TensorRT is a platform that combines a high-performance deep learning inference optimizer with a runtime that delivers low-latency, high-throughput inference for AI applications.

Inference is an important aspect of AI. Whereas AI training relates to the development of an algorithm’s ability to understand a data set, inference refers to its ability to act on that data to infer answers to specific queries.

The latest version brings with it some dramatic improvements on the performance side. These include a significant reduction in inference times on one of the most advanced AI language models, called “Bidirectional Encoder Representations from Transformers -Large.” BERT-Large, as it’s known, is a method for natural language processing training. It involves training a general-purpose language understanding model on a large text corpus such as Wikipedia, and then using that model as a base for downstream NLP tasks, such as answering people’s questions.
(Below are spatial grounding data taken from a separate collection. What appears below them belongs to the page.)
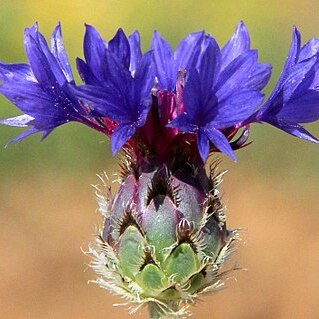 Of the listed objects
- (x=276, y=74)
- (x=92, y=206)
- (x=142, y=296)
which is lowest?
(x=142, y=296)

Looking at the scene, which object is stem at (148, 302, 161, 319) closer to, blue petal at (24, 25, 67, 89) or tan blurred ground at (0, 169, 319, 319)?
blue petal at (24, 25, 67, 89)

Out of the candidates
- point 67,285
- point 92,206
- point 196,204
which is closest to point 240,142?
point 196,204

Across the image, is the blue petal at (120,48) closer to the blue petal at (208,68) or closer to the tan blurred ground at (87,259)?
the blue petal at (208,68)

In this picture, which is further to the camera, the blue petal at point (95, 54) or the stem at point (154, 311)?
the stem at point (154, 311)

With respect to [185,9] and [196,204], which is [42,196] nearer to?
[185,9]

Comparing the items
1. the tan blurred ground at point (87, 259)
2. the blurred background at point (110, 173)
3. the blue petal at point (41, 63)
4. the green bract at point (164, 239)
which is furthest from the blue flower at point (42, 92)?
the tan blurred ground at point (87, 259)

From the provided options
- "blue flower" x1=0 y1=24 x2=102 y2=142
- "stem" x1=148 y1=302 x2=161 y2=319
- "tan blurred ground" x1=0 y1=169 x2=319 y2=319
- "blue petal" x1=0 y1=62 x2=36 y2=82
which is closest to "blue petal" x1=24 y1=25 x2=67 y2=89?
"blue flower" x1=0 y1=24 x2=102 y2=142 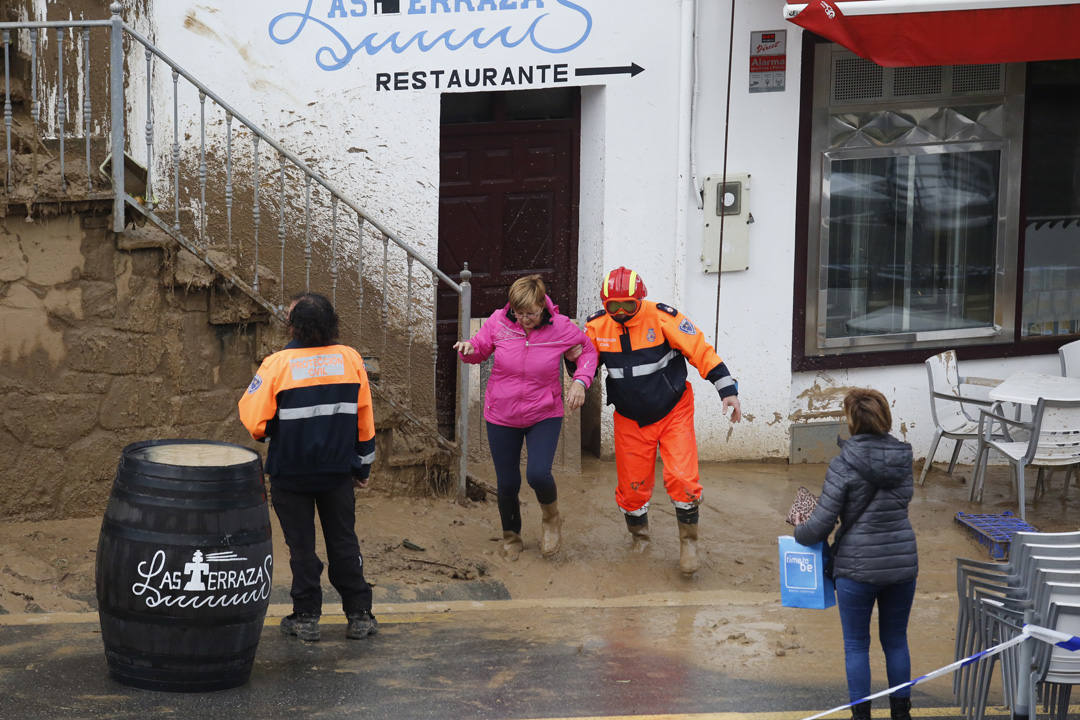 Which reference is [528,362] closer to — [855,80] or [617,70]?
[617,70]

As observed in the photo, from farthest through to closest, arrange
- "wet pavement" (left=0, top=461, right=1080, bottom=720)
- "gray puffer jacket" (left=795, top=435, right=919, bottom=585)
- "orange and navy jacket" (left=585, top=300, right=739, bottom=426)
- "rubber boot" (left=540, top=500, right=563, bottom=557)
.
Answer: "rubber boot" (left=540, top=500, right=563, bottom=557), "orange and navy jacket" (left=585, top=300, right=739, bottom=426), "wet pavement" (left=0, top=461, right=1080, bottom=720), "gray puffer jacket" (left=795, top=435, right=919, bottom=585)

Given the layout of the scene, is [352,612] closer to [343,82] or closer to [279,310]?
[279,310]

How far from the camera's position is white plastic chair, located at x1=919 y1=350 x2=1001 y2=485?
30.9 ft

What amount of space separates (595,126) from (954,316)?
301 cm

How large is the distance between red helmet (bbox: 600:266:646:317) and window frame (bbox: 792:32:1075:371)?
2.75 meters

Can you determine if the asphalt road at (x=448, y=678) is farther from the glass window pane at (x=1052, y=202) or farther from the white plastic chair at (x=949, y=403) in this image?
the glass window pane at (x=1052, y=202)

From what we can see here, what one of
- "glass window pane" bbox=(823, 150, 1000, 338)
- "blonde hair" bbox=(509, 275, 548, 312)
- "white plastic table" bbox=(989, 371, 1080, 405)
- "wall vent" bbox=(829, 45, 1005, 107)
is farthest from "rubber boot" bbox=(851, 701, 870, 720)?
"wall vent" bbox=(829, 45, 1005, 107)

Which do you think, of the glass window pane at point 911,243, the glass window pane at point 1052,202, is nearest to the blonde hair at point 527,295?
the glass window pane at point 911,243

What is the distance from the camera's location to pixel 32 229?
7.46 m

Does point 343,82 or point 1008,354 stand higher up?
point 343,82

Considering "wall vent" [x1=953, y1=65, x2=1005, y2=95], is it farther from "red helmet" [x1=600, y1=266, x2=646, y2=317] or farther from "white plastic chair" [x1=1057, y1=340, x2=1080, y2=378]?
"red helmet" [x1=600, y1=266, x2=646, y2=317]

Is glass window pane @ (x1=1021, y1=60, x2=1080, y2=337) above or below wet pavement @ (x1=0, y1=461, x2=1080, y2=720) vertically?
above

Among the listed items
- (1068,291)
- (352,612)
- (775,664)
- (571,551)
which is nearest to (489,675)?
(352,612)

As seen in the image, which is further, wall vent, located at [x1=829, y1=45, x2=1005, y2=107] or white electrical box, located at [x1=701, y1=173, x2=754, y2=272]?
wall vent, located at [x1=829, y1=45, x2=1005, y2=107] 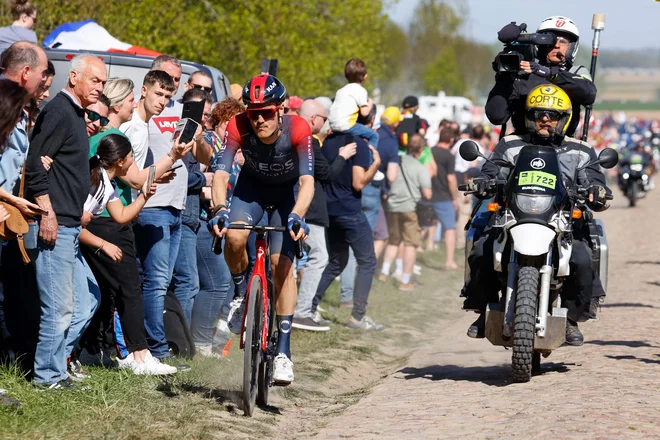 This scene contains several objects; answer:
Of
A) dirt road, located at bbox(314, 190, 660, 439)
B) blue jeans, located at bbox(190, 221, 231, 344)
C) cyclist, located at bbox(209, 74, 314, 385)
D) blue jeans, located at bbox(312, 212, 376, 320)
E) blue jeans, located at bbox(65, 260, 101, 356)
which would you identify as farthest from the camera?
blue jeans, located at bbox(312, 212, 376, 320)

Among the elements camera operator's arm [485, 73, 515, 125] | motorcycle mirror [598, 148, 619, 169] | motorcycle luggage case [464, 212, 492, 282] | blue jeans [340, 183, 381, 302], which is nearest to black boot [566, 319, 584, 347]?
motorcycle luggage case [464, 212, 492, 282]

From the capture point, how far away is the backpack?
945 centimetres

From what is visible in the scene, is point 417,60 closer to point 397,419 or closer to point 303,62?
point 303,62

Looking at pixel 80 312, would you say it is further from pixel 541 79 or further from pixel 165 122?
pixel 541 79

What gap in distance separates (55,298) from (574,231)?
157 inches

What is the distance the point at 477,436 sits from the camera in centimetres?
709

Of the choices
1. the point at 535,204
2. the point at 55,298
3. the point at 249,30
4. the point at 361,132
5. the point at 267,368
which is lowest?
the point at 267,368

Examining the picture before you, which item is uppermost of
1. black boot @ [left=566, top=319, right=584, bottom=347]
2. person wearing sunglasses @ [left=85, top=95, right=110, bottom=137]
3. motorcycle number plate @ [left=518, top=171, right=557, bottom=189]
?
person wearing sunglasses @ [left=85, top=95, right=110, bottom=137]

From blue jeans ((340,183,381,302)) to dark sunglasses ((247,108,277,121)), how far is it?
596cm

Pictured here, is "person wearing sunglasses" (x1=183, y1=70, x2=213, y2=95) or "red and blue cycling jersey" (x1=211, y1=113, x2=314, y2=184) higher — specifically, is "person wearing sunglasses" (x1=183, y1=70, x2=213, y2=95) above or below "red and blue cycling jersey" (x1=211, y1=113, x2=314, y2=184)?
above

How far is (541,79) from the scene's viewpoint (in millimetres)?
9820

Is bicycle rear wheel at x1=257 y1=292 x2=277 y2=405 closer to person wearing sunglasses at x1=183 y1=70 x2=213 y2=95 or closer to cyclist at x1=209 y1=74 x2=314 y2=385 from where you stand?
cyclist at x1=209 y1=74 x2=314 y2=385

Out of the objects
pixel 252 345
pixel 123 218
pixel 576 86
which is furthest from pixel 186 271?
pixel 576 86

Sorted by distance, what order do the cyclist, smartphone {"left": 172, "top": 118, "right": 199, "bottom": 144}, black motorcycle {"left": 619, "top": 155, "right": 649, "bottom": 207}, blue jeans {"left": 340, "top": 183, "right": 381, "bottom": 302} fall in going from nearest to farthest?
the cyclist, smartphone {"left": 172, "top": 118, "right": 199, "bottom": 144}, blue jeans {"left": 340, "top": 183, "right": 381, "bottom": 302}, black motorcycle {"left": 619, "top": 155, "right": 649, "bottom": 207} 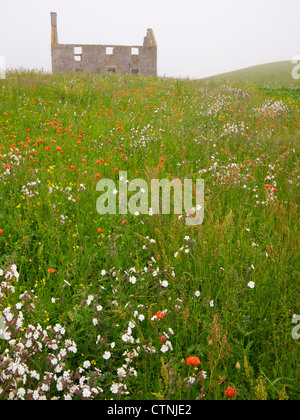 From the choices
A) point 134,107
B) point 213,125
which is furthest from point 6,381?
point 134,107

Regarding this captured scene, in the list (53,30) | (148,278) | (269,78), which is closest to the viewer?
(148,278)

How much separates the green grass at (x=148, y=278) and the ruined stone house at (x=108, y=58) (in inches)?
1210

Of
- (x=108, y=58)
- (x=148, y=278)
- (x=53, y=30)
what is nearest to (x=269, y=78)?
(x=108, y=58)

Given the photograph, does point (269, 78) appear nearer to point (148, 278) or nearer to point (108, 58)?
point (108, 58)

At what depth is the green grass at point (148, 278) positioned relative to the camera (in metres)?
1.96

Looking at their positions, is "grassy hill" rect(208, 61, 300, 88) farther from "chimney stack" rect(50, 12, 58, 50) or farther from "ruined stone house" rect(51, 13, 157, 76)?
"chimney stack" rect(50, 12, 58, 50)

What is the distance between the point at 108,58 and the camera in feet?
111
Nvidia said TensorRT 6 comes with new optimizations that reduce algorithms’ inference times for BERT with T4 graphics processing units to just 5.8 milliseconds, down from the previous performance threshold of 10 milliseconds.

Nvidia said this improved performance is fast enough that BERT is now practical for enterprises to deploy in production for the first time. Conventional wisdom has it that NLP models need to be executed in less than 10 milliseconds to provide a natural and engaging experience.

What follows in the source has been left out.